Your goal: Nothing below is to be printed except the lines between the line holding "Large Deep Purple" and the line holding "Amazon Essentials Women's", inclusive, each exactly as it appears.

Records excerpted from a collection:
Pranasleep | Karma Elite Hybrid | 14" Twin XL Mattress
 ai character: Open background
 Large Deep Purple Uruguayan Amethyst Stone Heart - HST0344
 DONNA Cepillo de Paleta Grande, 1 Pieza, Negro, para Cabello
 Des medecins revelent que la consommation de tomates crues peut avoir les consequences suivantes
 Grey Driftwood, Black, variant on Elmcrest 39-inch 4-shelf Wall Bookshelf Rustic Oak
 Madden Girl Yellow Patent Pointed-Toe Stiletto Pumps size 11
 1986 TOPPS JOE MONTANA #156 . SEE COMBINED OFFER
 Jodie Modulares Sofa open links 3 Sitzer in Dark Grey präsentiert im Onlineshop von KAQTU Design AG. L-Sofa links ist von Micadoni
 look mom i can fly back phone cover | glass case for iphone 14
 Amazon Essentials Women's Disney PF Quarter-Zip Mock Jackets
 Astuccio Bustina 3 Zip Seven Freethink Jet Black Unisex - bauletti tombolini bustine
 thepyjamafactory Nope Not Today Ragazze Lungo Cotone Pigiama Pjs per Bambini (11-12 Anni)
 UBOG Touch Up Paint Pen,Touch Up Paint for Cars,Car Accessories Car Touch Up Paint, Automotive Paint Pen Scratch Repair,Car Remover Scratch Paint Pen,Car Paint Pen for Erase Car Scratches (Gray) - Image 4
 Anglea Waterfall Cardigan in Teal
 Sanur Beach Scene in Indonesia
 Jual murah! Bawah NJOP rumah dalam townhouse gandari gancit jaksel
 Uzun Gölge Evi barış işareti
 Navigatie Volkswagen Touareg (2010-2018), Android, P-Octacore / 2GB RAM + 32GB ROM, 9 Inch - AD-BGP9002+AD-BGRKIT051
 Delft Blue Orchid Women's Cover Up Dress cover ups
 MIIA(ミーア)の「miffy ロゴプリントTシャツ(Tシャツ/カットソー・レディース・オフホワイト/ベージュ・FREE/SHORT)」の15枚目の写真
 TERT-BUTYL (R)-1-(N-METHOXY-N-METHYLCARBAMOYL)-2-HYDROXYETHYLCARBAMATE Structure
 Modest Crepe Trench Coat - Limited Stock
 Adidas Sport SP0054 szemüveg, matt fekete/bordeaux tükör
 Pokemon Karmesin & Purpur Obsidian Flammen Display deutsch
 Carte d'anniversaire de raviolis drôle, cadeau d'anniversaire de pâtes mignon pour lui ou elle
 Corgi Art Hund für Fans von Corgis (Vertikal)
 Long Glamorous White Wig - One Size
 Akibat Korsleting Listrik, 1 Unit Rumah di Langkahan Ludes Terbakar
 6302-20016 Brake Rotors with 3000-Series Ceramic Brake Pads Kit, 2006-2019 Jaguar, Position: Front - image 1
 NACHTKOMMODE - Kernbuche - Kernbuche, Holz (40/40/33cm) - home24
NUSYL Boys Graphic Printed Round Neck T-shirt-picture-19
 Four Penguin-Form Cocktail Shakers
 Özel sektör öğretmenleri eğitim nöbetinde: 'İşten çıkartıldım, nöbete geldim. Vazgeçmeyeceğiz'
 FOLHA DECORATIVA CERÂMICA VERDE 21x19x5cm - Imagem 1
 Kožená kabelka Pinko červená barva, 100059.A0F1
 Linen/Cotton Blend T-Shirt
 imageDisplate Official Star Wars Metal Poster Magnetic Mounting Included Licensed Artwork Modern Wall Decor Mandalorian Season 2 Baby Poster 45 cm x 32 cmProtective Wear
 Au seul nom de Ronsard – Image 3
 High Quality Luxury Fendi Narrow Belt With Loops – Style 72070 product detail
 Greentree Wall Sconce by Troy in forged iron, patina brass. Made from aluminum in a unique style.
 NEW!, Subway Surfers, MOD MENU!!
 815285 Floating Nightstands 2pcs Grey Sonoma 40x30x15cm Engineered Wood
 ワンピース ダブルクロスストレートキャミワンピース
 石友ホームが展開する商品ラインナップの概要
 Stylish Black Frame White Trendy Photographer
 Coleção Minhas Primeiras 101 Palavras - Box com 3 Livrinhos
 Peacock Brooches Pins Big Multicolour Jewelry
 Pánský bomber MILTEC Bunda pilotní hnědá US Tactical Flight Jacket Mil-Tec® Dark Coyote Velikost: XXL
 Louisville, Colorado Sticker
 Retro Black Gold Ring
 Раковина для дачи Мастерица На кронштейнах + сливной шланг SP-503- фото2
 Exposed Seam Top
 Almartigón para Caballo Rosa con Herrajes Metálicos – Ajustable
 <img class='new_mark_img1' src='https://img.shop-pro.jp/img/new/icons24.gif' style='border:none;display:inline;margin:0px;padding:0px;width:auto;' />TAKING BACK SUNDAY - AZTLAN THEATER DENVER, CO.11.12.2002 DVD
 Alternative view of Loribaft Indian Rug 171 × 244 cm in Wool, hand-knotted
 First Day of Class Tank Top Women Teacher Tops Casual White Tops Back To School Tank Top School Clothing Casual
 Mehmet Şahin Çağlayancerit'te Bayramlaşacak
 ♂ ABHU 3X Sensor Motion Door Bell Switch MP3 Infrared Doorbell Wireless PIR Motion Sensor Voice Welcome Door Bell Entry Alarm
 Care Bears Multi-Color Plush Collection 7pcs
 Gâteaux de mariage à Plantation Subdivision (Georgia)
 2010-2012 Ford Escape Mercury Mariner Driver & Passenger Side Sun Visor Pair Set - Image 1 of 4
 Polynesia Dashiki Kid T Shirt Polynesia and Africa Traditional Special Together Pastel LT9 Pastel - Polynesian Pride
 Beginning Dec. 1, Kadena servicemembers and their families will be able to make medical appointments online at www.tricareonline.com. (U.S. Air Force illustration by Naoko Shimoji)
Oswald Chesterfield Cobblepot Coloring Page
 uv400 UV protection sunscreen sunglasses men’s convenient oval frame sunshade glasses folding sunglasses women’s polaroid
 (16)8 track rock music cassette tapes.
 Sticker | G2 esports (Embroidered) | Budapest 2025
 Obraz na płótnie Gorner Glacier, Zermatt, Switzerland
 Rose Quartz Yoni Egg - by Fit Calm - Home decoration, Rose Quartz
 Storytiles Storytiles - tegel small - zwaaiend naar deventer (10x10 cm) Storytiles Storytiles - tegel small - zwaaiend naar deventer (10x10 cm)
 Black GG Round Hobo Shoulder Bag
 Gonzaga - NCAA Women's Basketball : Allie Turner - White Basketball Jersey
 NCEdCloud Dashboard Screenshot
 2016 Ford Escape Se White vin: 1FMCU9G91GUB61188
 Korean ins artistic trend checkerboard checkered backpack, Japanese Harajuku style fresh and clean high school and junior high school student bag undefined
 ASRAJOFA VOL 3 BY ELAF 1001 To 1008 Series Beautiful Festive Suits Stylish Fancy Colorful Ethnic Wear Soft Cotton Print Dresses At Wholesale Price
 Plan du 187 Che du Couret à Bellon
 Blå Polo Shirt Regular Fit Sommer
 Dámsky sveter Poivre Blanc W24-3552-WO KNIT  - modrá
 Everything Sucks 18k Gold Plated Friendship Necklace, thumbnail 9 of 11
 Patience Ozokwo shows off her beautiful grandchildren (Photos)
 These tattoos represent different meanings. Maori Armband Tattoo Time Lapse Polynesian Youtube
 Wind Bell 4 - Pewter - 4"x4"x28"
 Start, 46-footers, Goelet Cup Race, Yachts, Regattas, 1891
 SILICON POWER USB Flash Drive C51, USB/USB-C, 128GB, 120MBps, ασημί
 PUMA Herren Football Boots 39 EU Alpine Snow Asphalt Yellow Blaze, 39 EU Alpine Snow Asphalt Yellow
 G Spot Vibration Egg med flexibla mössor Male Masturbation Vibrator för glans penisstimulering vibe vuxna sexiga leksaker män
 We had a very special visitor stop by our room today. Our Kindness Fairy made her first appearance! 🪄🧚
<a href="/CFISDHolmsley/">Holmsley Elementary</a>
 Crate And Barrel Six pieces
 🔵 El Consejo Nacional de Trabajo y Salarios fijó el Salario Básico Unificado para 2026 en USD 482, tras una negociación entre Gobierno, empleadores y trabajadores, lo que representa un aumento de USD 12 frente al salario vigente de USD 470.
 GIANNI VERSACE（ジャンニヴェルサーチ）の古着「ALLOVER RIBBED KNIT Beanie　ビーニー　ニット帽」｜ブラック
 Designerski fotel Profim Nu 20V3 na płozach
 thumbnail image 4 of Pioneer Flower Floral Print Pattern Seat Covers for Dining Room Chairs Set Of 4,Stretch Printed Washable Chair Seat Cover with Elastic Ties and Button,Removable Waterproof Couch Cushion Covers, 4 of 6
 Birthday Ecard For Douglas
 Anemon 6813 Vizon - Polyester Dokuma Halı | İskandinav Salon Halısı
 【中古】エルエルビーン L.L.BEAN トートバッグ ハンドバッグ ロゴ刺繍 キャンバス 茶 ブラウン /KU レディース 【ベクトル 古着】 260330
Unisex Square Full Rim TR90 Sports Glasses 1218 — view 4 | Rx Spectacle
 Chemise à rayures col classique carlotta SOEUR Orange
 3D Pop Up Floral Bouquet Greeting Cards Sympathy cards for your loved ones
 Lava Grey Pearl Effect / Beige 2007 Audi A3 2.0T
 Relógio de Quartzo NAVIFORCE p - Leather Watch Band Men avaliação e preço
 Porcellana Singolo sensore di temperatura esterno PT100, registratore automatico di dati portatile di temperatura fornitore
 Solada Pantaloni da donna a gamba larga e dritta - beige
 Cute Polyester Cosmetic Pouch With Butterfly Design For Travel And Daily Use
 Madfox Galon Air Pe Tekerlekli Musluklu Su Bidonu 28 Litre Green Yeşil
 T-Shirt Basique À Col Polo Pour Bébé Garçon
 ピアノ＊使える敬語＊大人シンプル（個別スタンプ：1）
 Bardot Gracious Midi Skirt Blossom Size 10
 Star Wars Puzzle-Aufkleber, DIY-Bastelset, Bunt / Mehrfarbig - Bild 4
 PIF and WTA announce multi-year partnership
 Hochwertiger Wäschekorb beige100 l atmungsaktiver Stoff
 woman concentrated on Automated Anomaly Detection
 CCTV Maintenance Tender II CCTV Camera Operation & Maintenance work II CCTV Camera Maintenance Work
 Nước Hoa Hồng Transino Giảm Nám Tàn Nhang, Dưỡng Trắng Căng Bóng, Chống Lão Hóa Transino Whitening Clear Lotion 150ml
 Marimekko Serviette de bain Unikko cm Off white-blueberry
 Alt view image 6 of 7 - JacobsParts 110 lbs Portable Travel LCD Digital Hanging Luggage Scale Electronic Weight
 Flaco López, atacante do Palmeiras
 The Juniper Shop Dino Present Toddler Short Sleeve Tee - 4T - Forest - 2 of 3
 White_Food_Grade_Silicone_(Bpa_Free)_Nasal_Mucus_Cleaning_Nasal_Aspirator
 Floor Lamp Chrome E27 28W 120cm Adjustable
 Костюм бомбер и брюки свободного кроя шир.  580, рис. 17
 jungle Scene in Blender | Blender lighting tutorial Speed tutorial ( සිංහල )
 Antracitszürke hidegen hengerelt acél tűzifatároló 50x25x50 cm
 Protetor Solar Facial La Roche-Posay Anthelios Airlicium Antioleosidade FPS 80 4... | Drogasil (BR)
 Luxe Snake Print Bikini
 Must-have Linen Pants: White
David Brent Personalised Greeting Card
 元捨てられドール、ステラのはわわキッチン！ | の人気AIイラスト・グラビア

Answer section:
 Large Deep Purple Uruguayan Amethyst Stone Heart - HST0344
 DONNA Cepillo de Paleta Grande, 1 Pieza, Negro, para Cabello
 Des medecins revelent que la consommation de tomates crues peut avoir les consequences suivantes
 Grey Driftwood, Black, variant on Elmcrest 39-inch 4-shelf Wall Bookshelf Rustic Oak
 Madden Girl Yellow Patent Pointed-Toe Stiletto Pumps size 11
 1986 TOPPS JOE MONTANA #156 . SEE COMBINED OFFER
 Jodie Modulares Sofa open links 3 Sitzer in Dark Grey präsentiert im Onlineshop von KAQTU Design AG. L-Sofa links ist von Micadoni
 look mom i can fly back phone cover | glass case for iphone 14
 Amazon Essentials Women's Disney PF Quarter-Zip Mock Jackets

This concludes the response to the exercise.